Turkish leaders also need to move away from sweeping statements about a “civilisational clash” with the West – common parlance since the 2016 coup attempt. Although Turkey’s Islamist government has a great interest in playing a leadership role in the Middle East, the country remains part of the Western alliance as a member of NATO and the Council of Europe. Turkish policymakers should also be careful not to equate EU criticism of Turkey’s human rights record with support for “terrorism”. Such blanket accusations erode the Turkish public’s trust in the EU and desire for a shared future with Europe. They also perpetuate a dynamic in which an inward-looking Turkey sees its Western allies as potential enemies eager to “carve up” the country.
Turkey has its own concerns too. As far as AKP officials are concerned, the most significant cause of tension between Turkey and Europe is the latter’s single-minded focus on Erdoğan. Ankara feels compelled to officially react to criticism of Erdoğan more than anything else – even if half of Turkish society applauds such criticism. Importantly, the Turkish government tends not to distinguish between condemnation of Erdoğan from European officials and leaders, and that from civil society and media outlets. There is an increasing tendency within the Turkish bureaucracy and the AKP elite to see media outlets and civil society groups, including human rights organisations, as the secret arm of Western governments. In answering a parliamentary question tabled by the opposition, Hakan Çavuşoğlu, Turkey’s deputy prime minister, said in December 2017, “Media freedom indices are Western-centric and the concept of media freedom is Western-centric, not taking into account the conditions of the country.”[5] Erdoğan has warned that Turks who study in the West and work for Western companies or institutions willingly become spies for the West.[6] In various speeches, he has accused Yücel and Turkish philanthropist Osman Kavala – whose imprisonment has also caused controversy in Europe – of supporting terrorism.
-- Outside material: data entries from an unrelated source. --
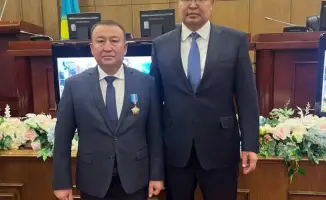 Вручение государственных наград руководителям региональных Департаментов казначейства в Министерстве финансов Казахстана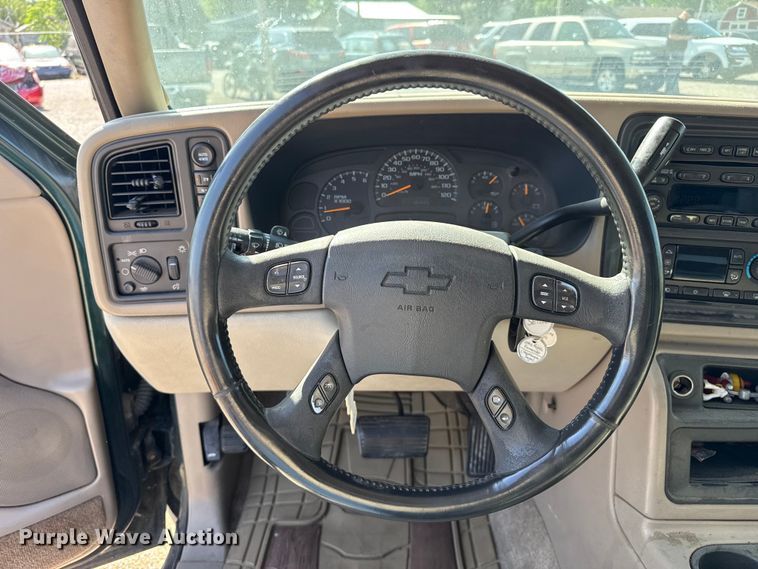 image for item FB6744 2003 Chevrolet Tahoe SUV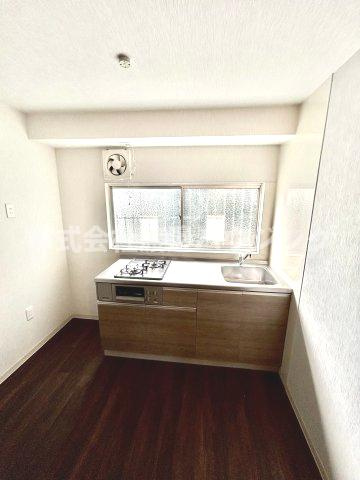 南市岡2丁目一戸建のキッチン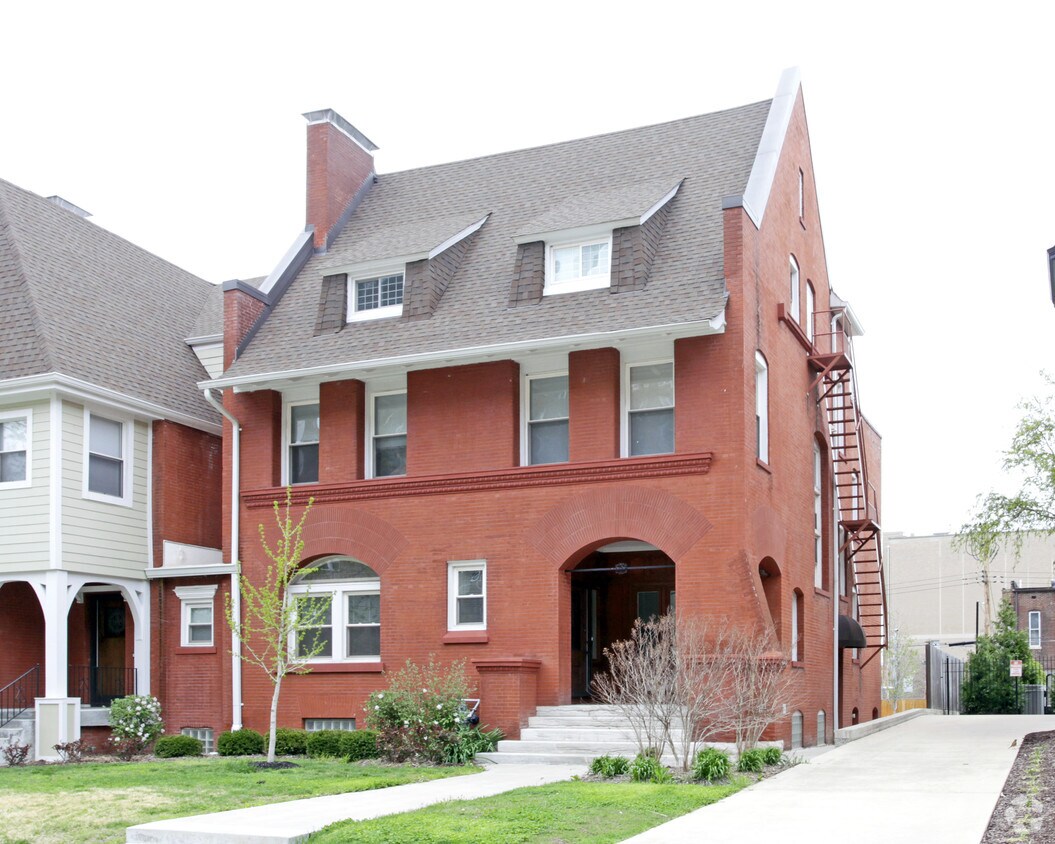 Foto principal - 3727 Westminster Pl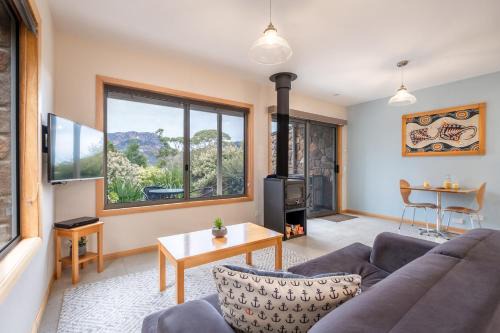 Coles Bay Apartment | Freycinet Stone Studio 6 - Mica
Following the July 2016 coup attempt, the Turkish government’s suspicions about the West became a daily talking point. Ankara is drifting towards a Russian-style divergence from the EU in the debate on values, seeing the promotion of human rights, free speech, and vibrant civil society as an effort to undercut its sovereignty. In the current climate, the EU can do little to bridge this divide with the ruling AKP. Therefore, European leaders should stick to their principles but not personalise disputes with Turkey by focusing on Erdoğan. Doing otherwise would produce a considerable backlash from the government of Turkey. Similarly, European leaders and EU officials should try to explain to their Turkish counterparts, particularly AKP leaders, that Europe’s civil society and media have a life of their own and are unlikely to defer to the government’s preferences.
As hard to accept as it may be, the gap in values is a reality for the moment. But Turks and Europeans can still find common ground, especially in transactional arrangements. For example, with the recent thaw in their relationship, Ankara and Berlin have made a noticeable effort to refrain from public criticism of each other – with the latter avoiding comments on Turkey’s human rights record. In turn, Turkish leaders have curbed comments that are deeply offensive to Germans. The Germany-bashing in Turkey’s pro-government media has ceased completely – the focus having shifted to tensions with the United States, particularly Washington’s support for Syrian Kurds, whom Ankara considers to be terrorists.